▸ Problem to solve: Repeat exactly, and nothing more, the lines from the one that includes "Презентація на тему" through the final line of the entries; skip the pictures.
── Listed entries
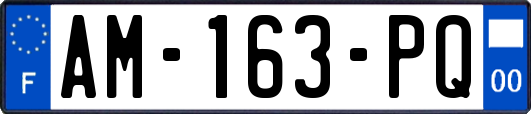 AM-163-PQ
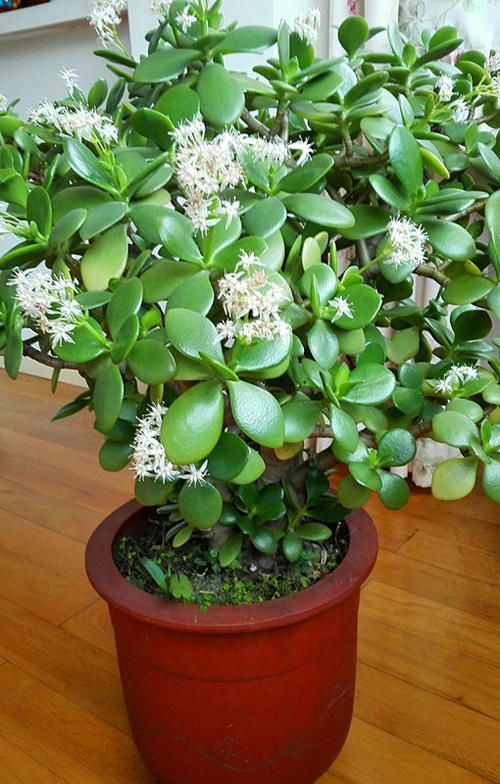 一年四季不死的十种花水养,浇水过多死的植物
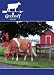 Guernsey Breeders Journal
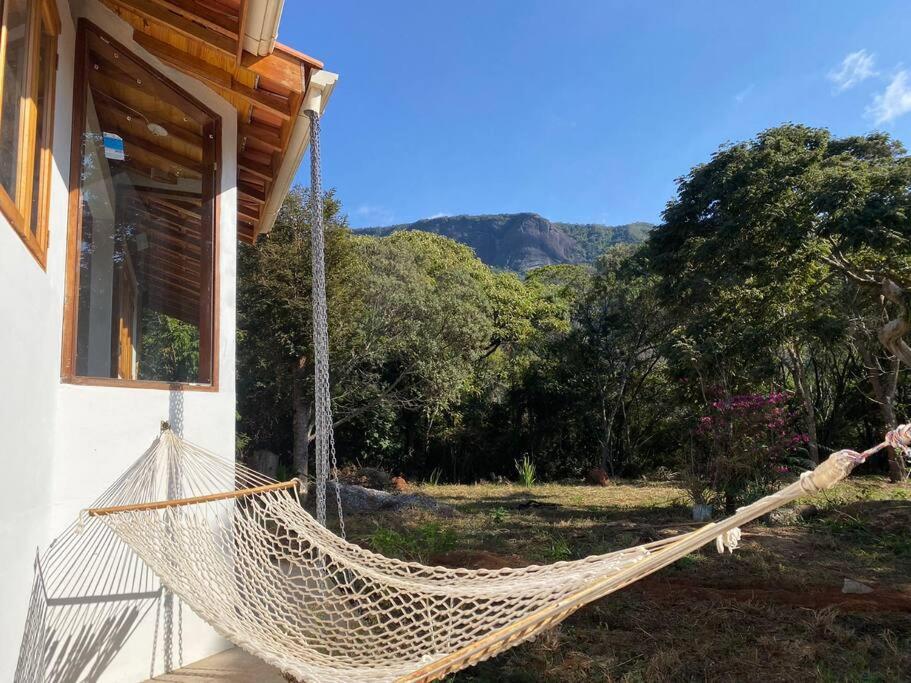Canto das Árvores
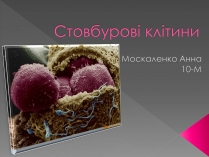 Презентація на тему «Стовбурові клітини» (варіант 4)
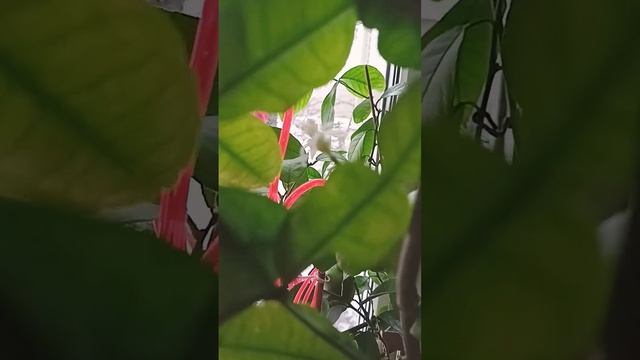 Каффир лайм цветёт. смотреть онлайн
────
▸ Exercise answer:
 Презентація на тему «Стовбурові клітини» (варіант 4)
 Каффир лайм цветёт. смотреть онлайн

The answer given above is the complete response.